BL-1020

Identifiers
- IUPAC name 2-[4-[3-(2-chlorophenothiazin-10-yl)propyl]piperazin-1-yl]ethyl 4-aminobutanoate;
- CAS Number: 751477-01-7;
- PubChem CID: 11203271;
- ChemSpider: 9378339;
- UNII: K1WO7H97QZ;
- ChEMBL: ChEMBL1187646;
- CompTox Dashboard (EPA): DTXSID401336321 ;

Chemical and physical data
- Formula: C_{25}H_{33}ClN_{4}O_{2}S
- Molar mass: 489.08 g·mol^{−1}
- 3D model (JSmol): Interactive image;
- SMILES C1CN(CCN1CCCN2C3=CC=CC=C3SC4=C2C=C(C=C4)Cl)CCOC(=O)CCCN;
- InChI InChI=1S/C25H33ClN4O2S/c26-20-8-9-24-22(19-20)30(21-5-1-2-6-23(21)33-24)12-4-11-28-13-15-29(16-14-28)17-18-32-25(31)7-3-10-27/h1-2,5-6,8-9,19H,3-4,7,10-18,27H2; Key:BABFYCSPNDKXRI-UHFFFAOYSA-N;

= BL-1020 =

Chemical compound

BL-1020 (perphenazine 4-aminobutanoate) is an investigational orally-active antipsychotic for the possible treatment of schizophrenia.
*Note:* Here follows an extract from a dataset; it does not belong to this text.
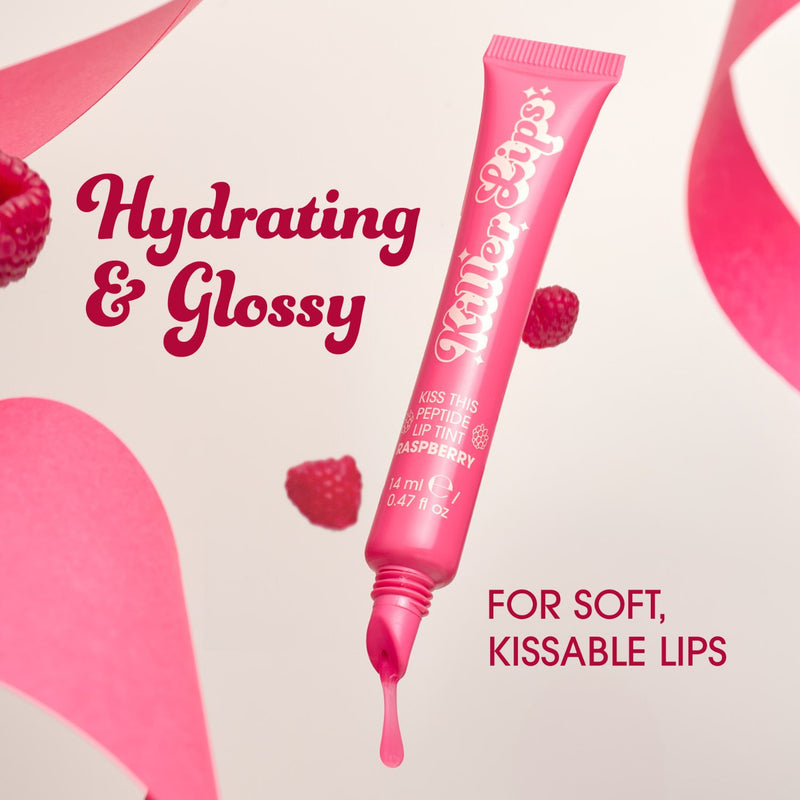 Killer Lips Kiss This Peptide Lip Tint Raspberry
The chemical is an ester of GABA and perphenazine; pharmacologically it acts as a D_{2} antagonist and GABA agonist. It has shown pro-cognitive effects in the trials. In March 2013, it went into the II/III trial phase. It has been introduced by BioLineRx, a biopharmaceutical development company.